Northeast Arc User Group (NEARC) Meeting, May 15th, University of Massachusetts, Amherst, MA. Spring NEARC meetings are conveniently located in Amherst, MA which is easily accessible to the Albany Capital District and GIS professionals in eastern New York State. Unlike GIS – SIG, which is software vendor independent, this show is very much ESRI centric and packed with high quality user presentations. Even though only one day, the show has grown to be so popular that it now competes with the larger multi-day GIS shows and conferences across New England. Price tag for attending: $65 which includes lunch. If you can afford an overnight, activities the evening before downtown Amherst and a hotel room at the UMass conference center make it even more worth your while. (As of the day of this blog post 4/4 the May 15th agenda was still in development; I did submit an abstract!). Registration will open mid-April. If your organization is an ESRI shop – this is a Spring show not to miss.
Westchester GIS User Group Meeting, May 11th, Purchase College, Purchase New York. As one of the largest geospatial meetings in New York State, the Westchester GIS User Group Meeting is a free one-day conference held at Purchase College. Made possible by financial support from exhibiting vendors and conference facilities provided by the college, the draft 2017 agenda features user presentations from County government, Westchester County municipalities, nonprofits including the Goodlands Project, and ESRI. There is also free conference training: At lunch “Leveraging Suvey123 for Mobile Data Collection” with instructor Larry Spraker and post-conference “Getting Started with How to Build Great Web Apps” with ESRI’s Mark Scott. Also, sponsors get to present 5-minute “Lightning” talks over the course of the day. The Purchase College location provides easy one-day access across the metropolitan NYC area, as well as the broader lower Hudson River Valley and southeastern Connecticut. Agenda and other meeting specifics – including registration – are available from the Westchester County GIS website.

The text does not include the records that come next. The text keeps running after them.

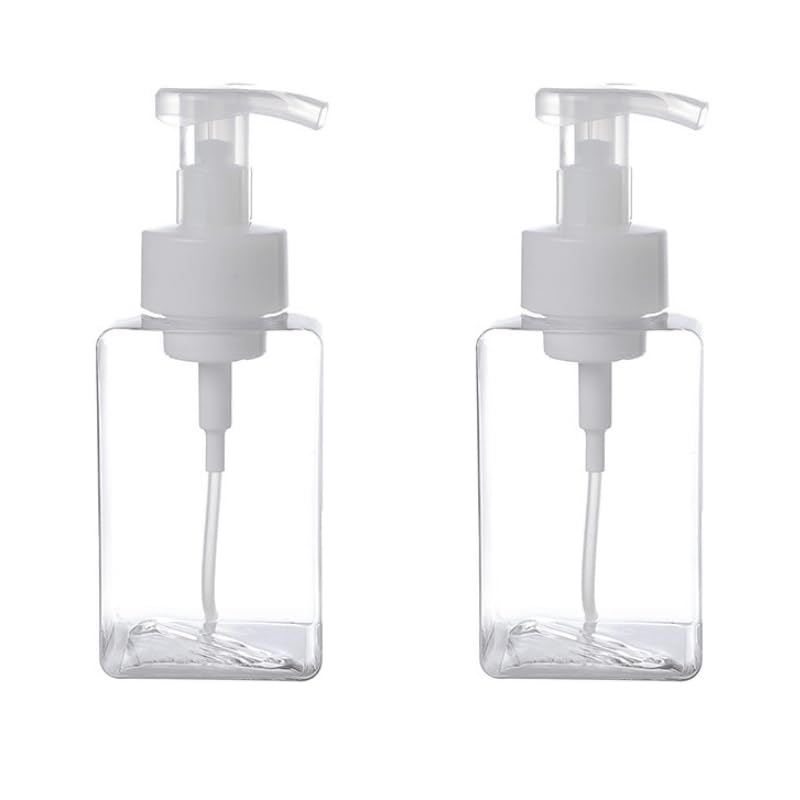 2PCS Refillable Foaming Soap Dispenser Pump Bottle Plastic 250ml B885632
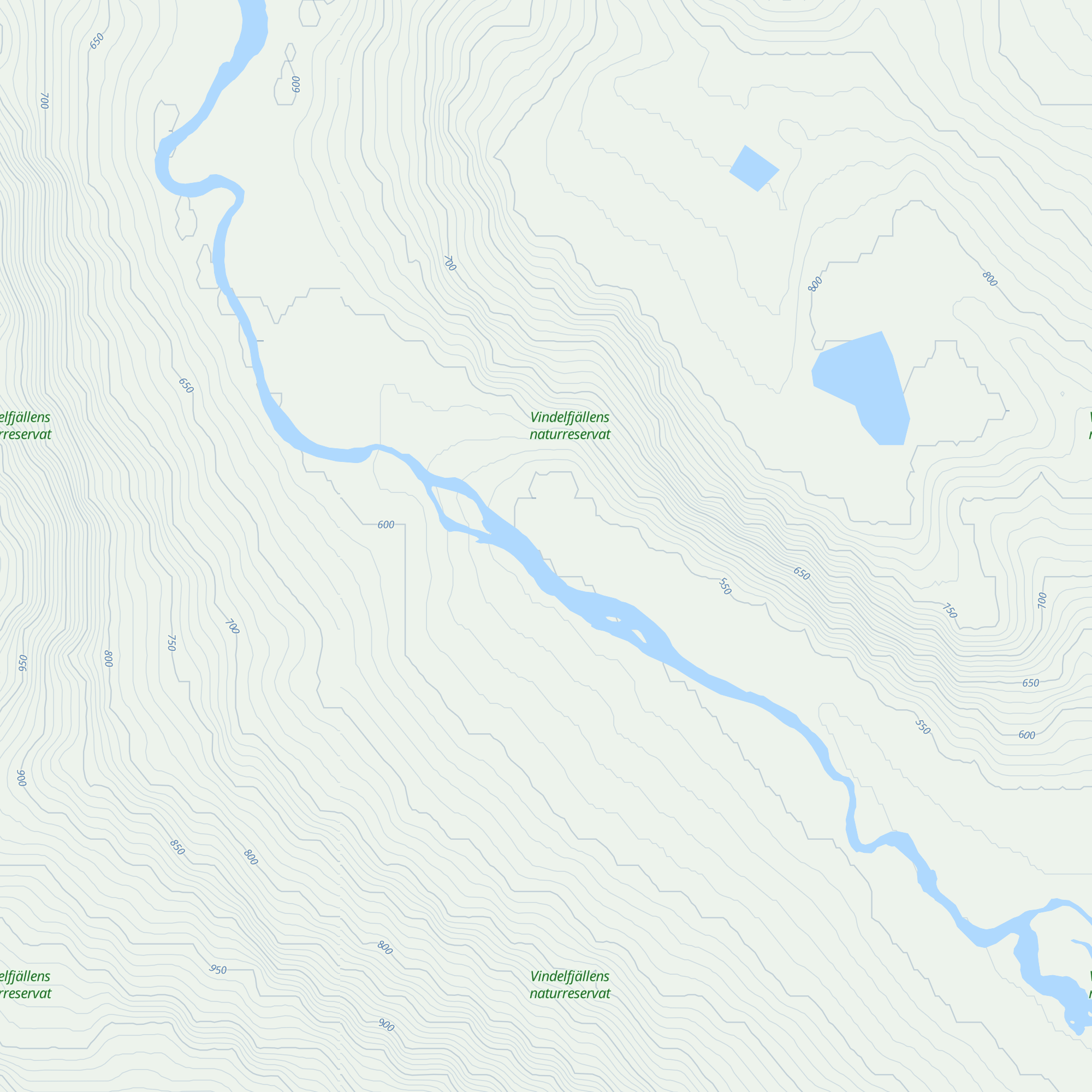 Vitnjul östra map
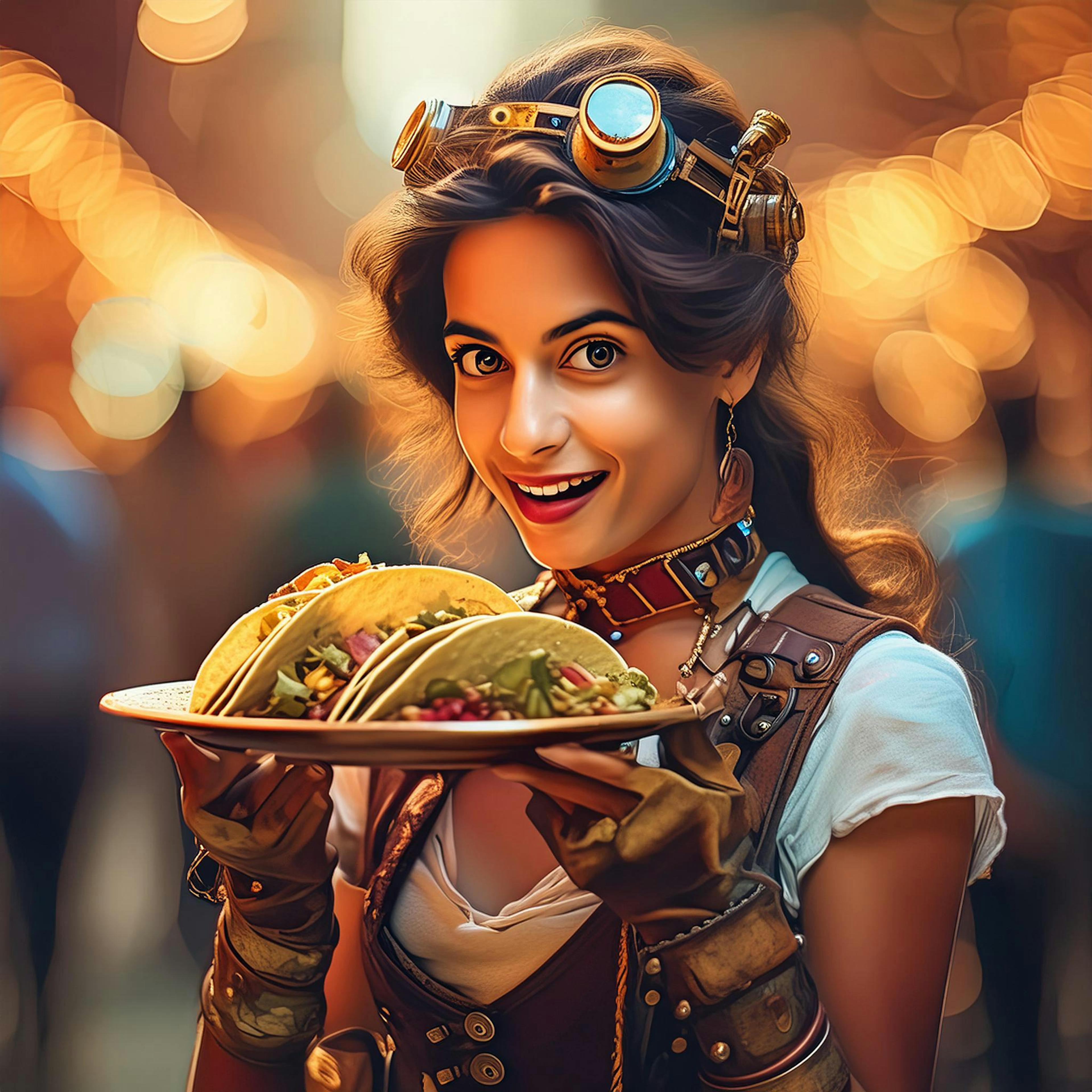 Why did the steampunks invent a new taco holder? Because they needed a contraption to handle their 'taco-nology' cravings!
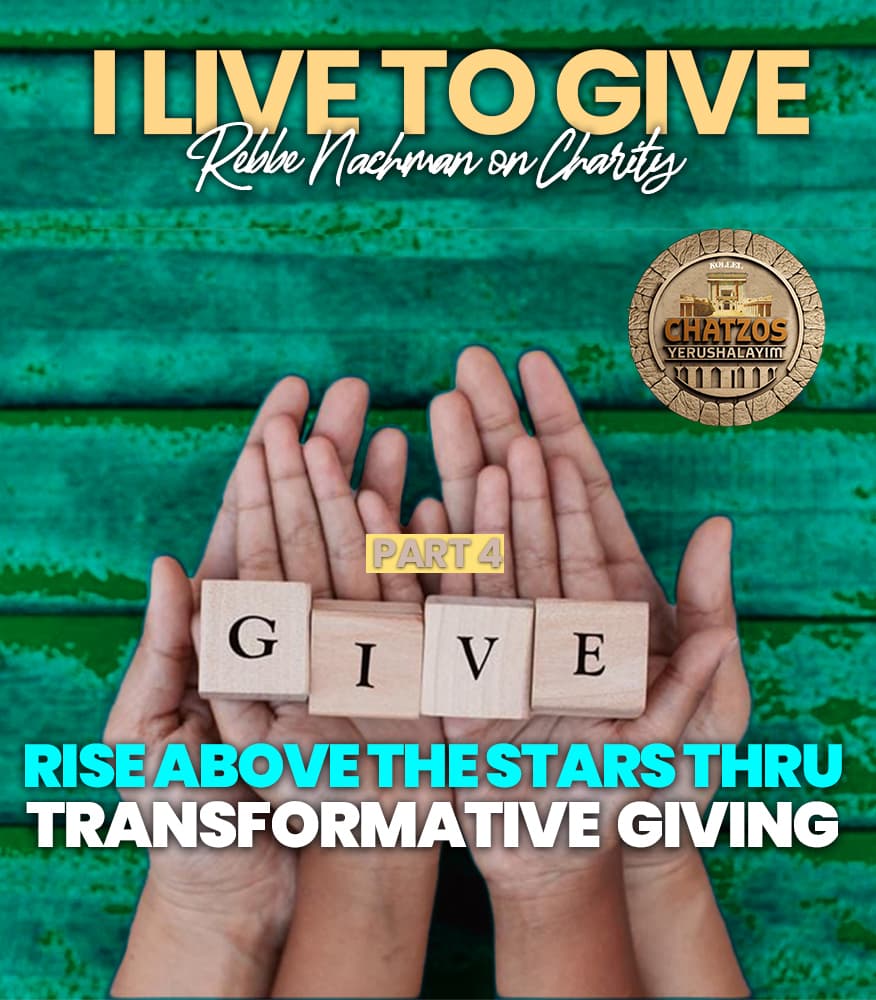I live to Give 4 - Rise Above The Stars thru Transformative Giving - Living Aligned Podcast cover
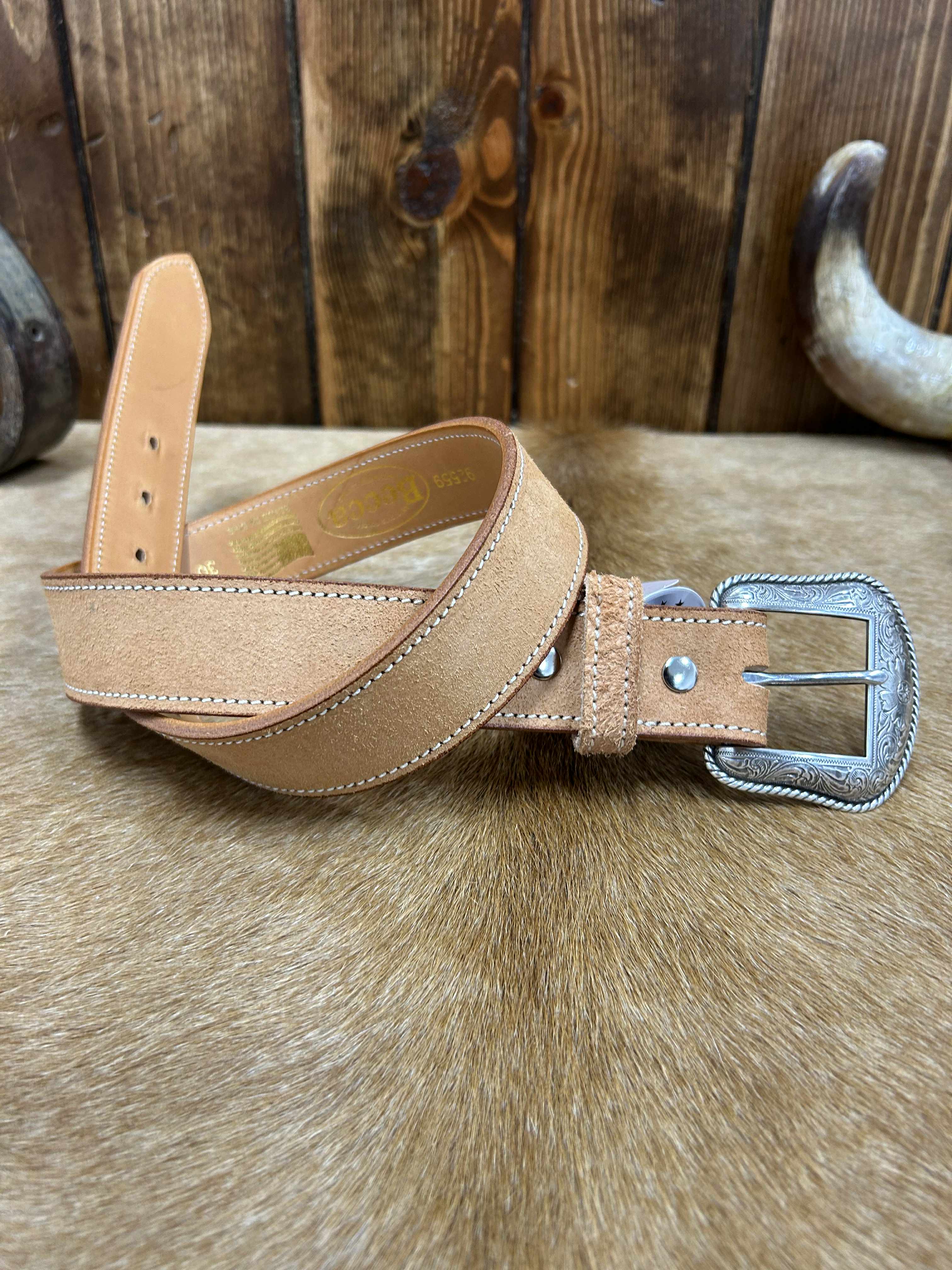 Becca Roughout Belts-Belts-Becca-Lucky J Boots & More, Women's, Men's, & Kids Western Store Located in Carthage, MO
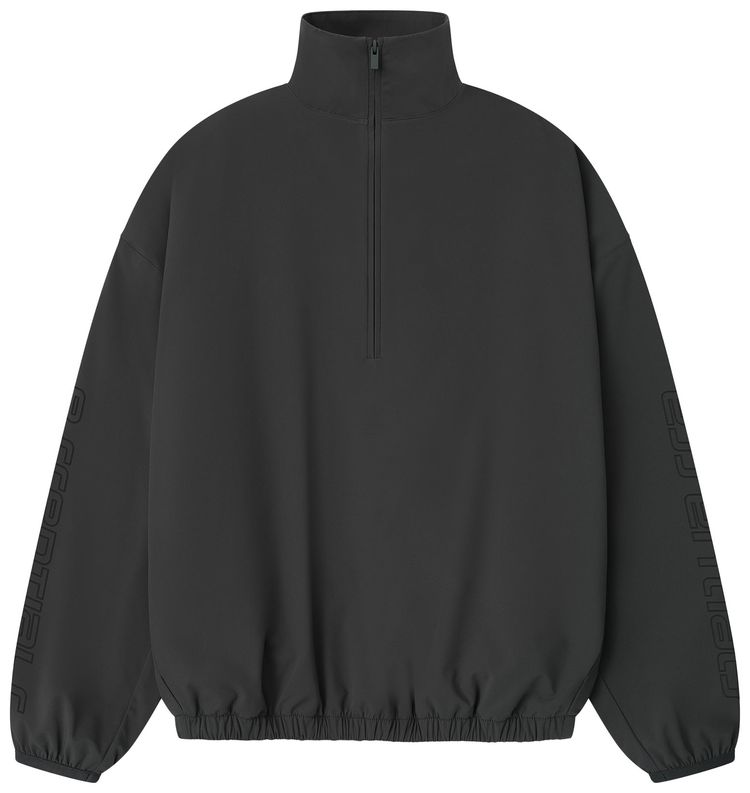 Fear of God Essentials Womens Nylon Half Zip Track Jacket Iron Grey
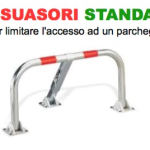 DISSUASORE MECCANICO DI SOSTA PER PARCHEGGIO STANDARD - Confezione da 10 pezzi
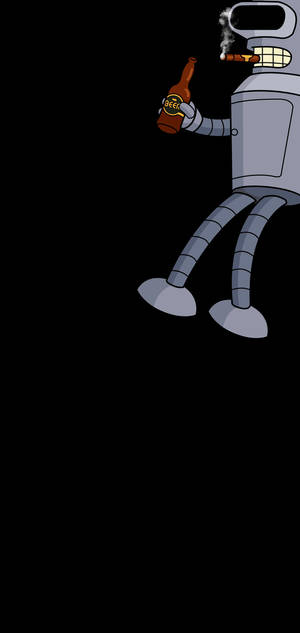 Galaxy S10 Plus Bender Fan Art — iPhone 14 Plus Fundal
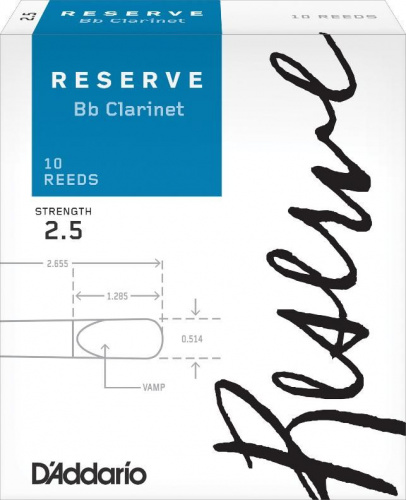 Трости для кларнета D'ADDARIO DCR1025 Reserve Bb Clarinet #2.5 - 10 Box - JCS.UA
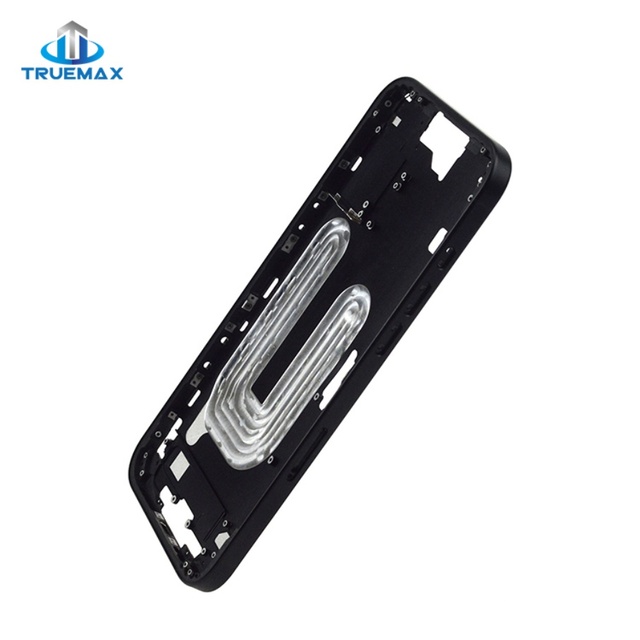 For iPhone 16 Plus Replacement Metal Middle Frame Black White Pink Green Blue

Other Venues: If you are in the Metro NYC area don’t forget to check the GeoNYC Meetup calendar for ongoing meetings across the city. Subject matter and participation is pretty amazing. And/or the many other geospatial related Meetups in the region covering big data, data visualization, agriculture mapping, and everything inbetween including drones. A little further removed geographically from the Empire State is the Northeast Geographic Information Society (NEGIS) conference on April 27th in Ashland, MA. You can follow and learn more about NEGIS via their blog.
The entire Empire State GIS community is fortunate enough to be close enough to a range of regional geospatial meetings and conferences which are accessible from most areas of the state and provide many of the same benefits of larger shows and not nearly as expensive.